I’ve always taken an interest in Chinese pens.  I think it’s fair to say that the interest was not well rewarded in the early days, ten to fifteen years ago.  The pens cost very little but were still a bad deal because most of them didn’t work well at all, or fell apart within a few weeks.  That began to change a few years ago and I have some good Chinese pens, though as long as they were made out of brass tubing they were a bit too heavy for me.

The 992, however, is the first Chinese pen I’ve had that can actually challenge much more expensive Japanese and European pens.  It wrote, and wrote beautifully from the first fill without any flushing.  It weighs nothing which suits me very well.  The nib is very good – perhaps a little on the bland side, like a Pelikan, if that’s a fair criticism.  I’ve never been especially fond of ‘demonstrator’ pens – they’re lacking in aesthetic quality and all look pretty much the same but I’m forced to admit it’s useful to see how much ink is left in the converter.

The shape is pretty much a small cigar, quite similar to various models made by Pilot, Platinum and Sailor.  The white metal clip is unremarkable and it seems likely that it would do its job perfectly well.  I don’t clip pens to my clothes so I can’t speak from experience.  The broad cap ring covering the lip of the cap is what you see on many pens at the moment.

Several reviewers have commented on the little blob at the end of the barrel.  To be sure, they could have made a smoother outline but it’s hardly a big deal!

The most serious criticism people have made is that cracks appear in the barrel end.  I haven’t seen this in either of the 992s I use.  I don’t know how serious this cracking is – whether it leads to the ultimate disintegration of the pen.  On the other hand I don’t know what other people are doing with those pens.  I’ve been carrying mine in my pen case several times a week but I haven’t dropped either of them.  They seem quite robust to me and the fit and finish is adequate.

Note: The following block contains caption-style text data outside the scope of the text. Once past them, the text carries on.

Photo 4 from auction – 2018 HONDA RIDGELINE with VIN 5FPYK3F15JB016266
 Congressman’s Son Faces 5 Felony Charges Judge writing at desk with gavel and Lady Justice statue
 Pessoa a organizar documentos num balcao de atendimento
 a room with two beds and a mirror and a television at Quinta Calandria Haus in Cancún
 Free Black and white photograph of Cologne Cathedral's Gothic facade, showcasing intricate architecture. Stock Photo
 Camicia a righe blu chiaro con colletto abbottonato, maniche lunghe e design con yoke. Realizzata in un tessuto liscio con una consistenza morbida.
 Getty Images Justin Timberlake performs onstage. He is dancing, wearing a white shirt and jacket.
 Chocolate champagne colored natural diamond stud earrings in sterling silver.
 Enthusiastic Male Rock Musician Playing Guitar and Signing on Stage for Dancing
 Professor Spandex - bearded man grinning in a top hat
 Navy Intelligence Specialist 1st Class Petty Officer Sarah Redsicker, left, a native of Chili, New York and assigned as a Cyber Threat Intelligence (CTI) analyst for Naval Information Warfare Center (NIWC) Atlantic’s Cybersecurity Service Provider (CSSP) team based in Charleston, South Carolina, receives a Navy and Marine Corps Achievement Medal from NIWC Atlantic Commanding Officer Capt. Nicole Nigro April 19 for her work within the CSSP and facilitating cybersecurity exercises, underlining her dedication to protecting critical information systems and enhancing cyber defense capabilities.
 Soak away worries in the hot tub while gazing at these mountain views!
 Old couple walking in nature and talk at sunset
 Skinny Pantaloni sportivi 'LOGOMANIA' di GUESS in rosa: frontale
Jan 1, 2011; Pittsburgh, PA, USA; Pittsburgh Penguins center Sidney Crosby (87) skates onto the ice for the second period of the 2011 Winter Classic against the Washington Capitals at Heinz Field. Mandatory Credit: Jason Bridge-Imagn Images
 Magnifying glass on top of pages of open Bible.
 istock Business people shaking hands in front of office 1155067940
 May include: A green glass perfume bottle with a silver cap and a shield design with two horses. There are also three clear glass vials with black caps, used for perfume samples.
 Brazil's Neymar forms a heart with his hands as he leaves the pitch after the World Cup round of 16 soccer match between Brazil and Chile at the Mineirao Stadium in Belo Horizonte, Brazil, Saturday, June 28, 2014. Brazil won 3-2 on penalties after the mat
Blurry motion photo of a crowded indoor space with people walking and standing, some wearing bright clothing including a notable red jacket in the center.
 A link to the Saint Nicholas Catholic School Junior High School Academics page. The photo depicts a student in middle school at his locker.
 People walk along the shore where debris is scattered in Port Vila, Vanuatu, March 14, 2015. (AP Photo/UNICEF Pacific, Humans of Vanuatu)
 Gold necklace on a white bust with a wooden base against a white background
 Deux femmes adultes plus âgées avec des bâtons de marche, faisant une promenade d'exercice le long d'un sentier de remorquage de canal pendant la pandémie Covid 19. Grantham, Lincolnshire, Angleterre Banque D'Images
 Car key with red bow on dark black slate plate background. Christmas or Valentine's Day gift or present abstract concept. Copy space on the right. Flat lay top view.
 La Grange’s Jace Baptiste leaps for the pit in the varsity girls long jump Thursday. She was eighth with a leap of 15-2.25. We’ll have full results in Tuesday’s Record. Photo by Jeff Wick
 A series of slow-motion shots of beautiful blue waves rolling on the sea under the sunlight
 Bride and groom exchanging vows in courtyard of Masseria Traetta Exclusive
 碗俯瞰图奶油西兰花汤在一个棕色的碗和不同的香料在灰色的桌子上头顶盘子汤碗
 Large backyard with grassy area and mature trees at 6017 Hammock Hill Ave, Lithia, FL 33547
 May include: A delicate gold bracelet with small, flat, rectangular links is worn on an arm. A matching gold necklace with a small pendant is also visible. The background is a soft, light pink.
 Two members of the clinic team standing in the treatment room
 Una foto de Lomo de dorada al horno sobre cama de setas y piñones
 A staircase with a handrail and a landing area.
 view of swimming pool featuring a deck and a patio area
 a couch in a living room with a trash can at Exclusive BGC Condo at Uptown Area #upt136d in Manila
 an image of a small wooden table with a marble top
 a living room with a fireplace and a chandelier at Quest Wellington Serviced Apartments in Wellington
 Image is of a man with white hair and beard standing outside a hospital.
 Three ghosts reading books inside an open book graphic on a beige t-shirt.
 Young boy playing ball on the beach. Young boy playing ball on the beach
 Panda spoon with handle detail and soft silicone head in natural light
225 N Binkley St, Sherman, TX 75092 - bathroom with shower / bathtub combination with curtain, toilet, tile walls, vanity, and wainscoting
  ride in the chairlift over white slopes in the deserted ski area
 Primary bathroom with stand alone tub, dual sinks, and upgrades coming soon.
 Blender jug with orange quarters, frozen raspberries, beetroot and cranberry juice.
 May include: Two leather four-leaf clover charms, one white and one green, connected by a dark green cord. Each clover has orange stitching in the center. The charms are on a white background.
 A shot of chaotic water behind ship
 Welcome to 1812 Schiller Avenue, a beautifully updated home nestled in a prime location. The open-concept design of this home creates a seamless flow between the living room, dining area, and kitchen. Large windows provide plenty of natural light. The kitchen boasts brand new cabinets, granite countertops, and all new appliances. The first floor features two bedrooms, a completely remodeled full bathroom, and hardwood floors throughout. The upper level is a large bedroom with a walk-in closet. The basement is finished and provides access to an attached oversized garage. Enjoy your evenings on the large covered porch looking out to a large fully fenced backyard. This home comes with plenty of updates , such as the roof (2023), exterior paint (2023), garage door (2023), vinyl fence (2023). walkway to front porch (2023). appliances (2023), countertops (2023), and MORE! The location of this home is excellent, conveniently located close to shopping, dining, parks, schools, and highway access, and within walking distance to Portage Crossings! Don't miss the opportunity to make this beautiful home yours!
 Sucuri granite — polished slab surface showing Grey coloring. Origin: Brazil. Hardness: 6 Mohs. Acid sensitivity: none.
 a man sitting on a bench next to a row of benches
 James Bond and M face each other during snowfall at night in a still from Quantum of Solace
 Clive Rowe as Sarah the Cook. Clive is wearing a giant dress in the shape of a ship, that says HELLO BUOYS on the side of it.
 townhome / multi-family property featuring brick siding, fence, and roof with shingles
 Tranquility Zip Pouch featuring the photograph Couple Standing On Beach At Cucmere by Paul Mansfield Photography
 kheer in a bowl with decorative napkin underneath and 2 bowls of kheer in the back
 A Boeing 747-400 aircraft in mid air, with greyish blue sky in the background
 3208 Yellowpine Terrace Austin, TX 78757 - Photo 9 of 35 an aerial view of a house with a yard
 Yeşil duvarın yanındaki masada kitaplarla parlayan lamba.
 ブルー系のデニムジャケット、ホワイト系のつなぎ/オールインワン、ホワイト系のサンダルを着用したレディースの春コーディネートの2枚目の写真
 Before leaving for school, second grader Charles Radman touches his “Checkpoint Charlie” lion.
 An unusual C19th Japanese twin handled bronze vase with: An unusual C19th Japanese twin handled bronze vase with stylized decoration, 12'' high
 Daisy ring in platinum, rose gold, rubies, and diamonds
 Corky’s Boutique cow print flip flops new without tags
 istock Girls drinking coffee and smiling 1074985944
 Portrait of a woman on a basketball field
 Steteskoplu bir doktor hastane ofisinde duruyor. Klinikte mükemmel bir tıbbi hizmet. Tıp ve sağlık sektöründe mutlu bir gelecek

The proof of the pudding is in the eating, as they say, and I have found these pens to be absolutely faultless, something I can’t always say about pens costing 100 times as much and more.  Neither pen has ever failed to start instantly and neither has ever skipped.  How many pens can you say that about?  In terms of durability, time will obviously tell but at the price they are currently offered, I wouldn’t mind having to replace one every few years!